Test Scaling and Value-Added Measurement
As currently practiced, value-added assessment relies on a strong assumption about the scales used to measure student achievement, namely that these are interval scales, with equal-sized gains at all points on the scale representing the same increment of learning. Many of the metrics in which test results are expressed do not have this property (e.g., percentile ranks, normal curve equivalents). However, this property is claimed for the scales obtained when tests are scored according to Item Response Theory.
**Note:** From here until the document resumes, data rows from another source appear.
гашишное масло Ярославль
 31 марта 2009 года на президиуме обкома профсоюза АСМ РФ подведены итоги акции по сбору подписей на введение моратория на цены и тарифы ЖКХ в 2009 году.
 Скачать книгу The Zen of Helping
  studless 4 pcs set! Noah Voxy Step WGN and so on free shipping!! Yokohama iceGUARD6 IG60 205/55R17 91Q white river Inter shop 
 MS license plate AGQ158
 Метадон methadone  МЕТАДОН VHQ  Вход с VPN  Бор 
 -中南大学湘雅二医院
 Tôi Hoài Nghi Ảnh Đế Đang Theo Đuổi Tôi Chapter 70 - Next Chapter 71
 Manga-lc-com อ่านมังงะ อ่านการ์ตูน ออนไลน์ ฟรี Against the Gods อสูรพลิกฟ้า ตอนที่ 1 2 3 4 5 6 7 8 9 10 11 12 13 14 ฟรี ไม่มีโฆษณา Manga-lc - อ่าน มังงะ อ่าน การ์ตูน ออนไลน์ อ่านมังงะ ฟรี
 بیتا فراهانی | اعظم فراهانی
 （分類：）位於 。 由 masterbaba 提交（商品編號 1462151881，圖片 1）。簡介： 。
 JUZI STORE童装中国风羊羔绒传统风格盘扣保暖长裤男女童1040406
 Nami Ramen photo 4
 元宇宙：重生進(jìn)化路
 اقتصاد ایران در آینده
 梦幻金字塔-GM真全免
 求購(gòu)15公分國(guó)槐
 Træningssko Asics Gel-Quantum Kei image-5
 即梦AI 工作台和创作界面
This claim requires that examinees and test items constitute, in the terminology of representational measurement theory, a conjoint structure. Unfortunately, it is difficult to confirm that this condition is met. In addition, end users of the data lack access to item-level data to test these assumptions themselves. The best they can do is to check the plausability of the resulting scales. On this count, IRT scales often do poorly. Reasonable rescalings have a substantial impact on students’ measured growth.
Methods of ordinal data analysis can be employed instead, on the weaker assumption that IRT scales permit us to rank students. Instead of comparing mean achievement of a teacher’s students to the students of a (hypothetical) average teacher, ordinal analysis asks what fraction of the former outperforms the latter. The feasibility of such methods for value-added analysis is demonstrated. It is seen that value-added estimates are sensitive to the choice of ordinal methods over conventional techniques.
Clearly, if IRT scores are an interval-scaled variable, ordinal methods throw away valuable information. Practitioners of value-added measurement should ask themselves, however, whether they are so confident of the metric properties of these scales that they are willing to attribute differences between regression-based estimates of value added and estimates based on ordinal analysis to the superiority of the former.